I know, the Super Bowl has come and gone. It’s been five days since I was glued to the TV during commercials, and four days since I logged onto the Internet to watch them over and over again. I spent minutes, maybe hours, commenting, dissecting and discussing these ads with my friends and colleagues–nothing too blog worthy there. But I was just on my LinkedIn account looking at the Q&A section and came across my answer to a question on major trends affecting marketing. My answer from LinkedIn:
Technology-shortened attention spans will become the single largest defining characteristic in the practice of marketing. We are already seeing the influence technology (e.g. TiVo & DVRs) is having on television marketing.

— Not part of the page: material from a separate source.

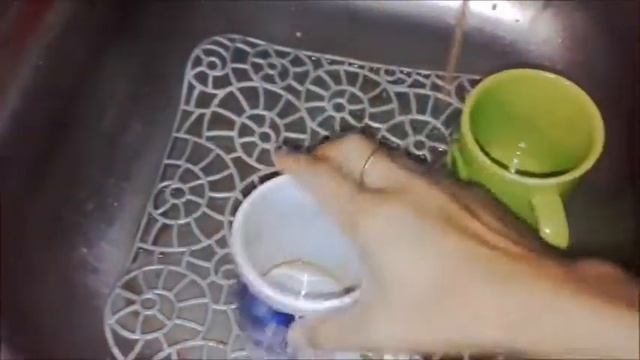 Питьевая вода смотреть онлайн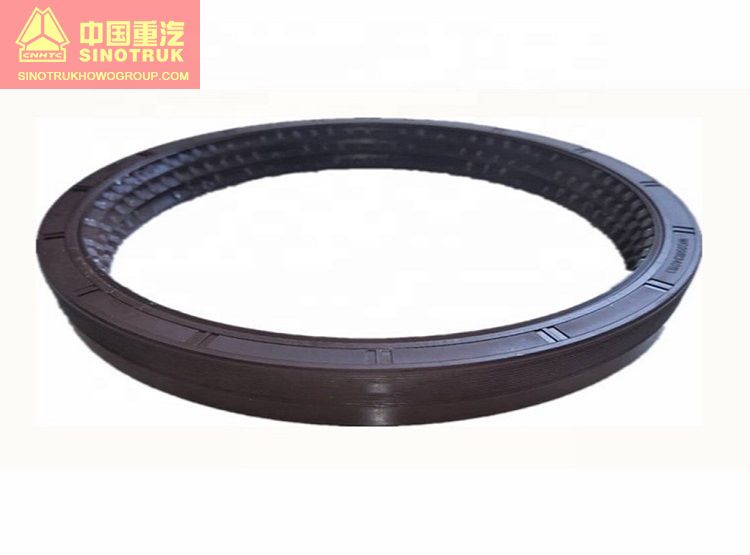 Driving Axle Parts Rear Wheel Oil Seal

Commercials are becoming less effective means of advertising, primarily because of the tendency of the viewer to switch channels, or fast forward. The answer… product placements within shows and movies.
The impact on the practice of marketing is clear: a successful marketer needs to define and exploit marketable moments. These moments are becoming less defined by commercials and magazine ads, and more transient.

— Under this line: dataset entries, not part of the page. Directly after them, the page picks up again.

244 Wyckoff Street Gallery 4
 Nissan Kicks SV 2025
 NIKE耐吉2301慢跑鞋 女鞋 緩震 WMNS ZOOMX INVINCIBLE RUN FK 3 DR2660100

Over the next 10 years, marketing will become less obvious to its targets. Yet customer targeting will result in greater efficacy.
Well that answer seems to be completely counter to what I just experienced with the Super Bowl … or is it? In fact, I think the commercials that air during the big game are anachronisms of marketing. Watching a commercial break is the same as going to a museum and walking through an exhibit on dinosaurs. But in the case of the Super Bowl, we all get a trip to Jurassic Park.
Figure 1 Picture from National Museum of American History Web Site
For one day of the year, we use our DVRs not to bypass commercials, but to rewind and re-watch them. I remember four occasions in which someone I was watching the game with asked for a commercial to be rewound. That same request happened only once during the actual game. In fact, there was a notable decrease in conversation noise DURING the commercials, not the game. Who knows if the results from these Super Bowl ads will justify the extreme cost. We’ll see if the Super Bowl commercial paradox continues–or if we are all watching the dying days of mass-market commercial advertising on TV.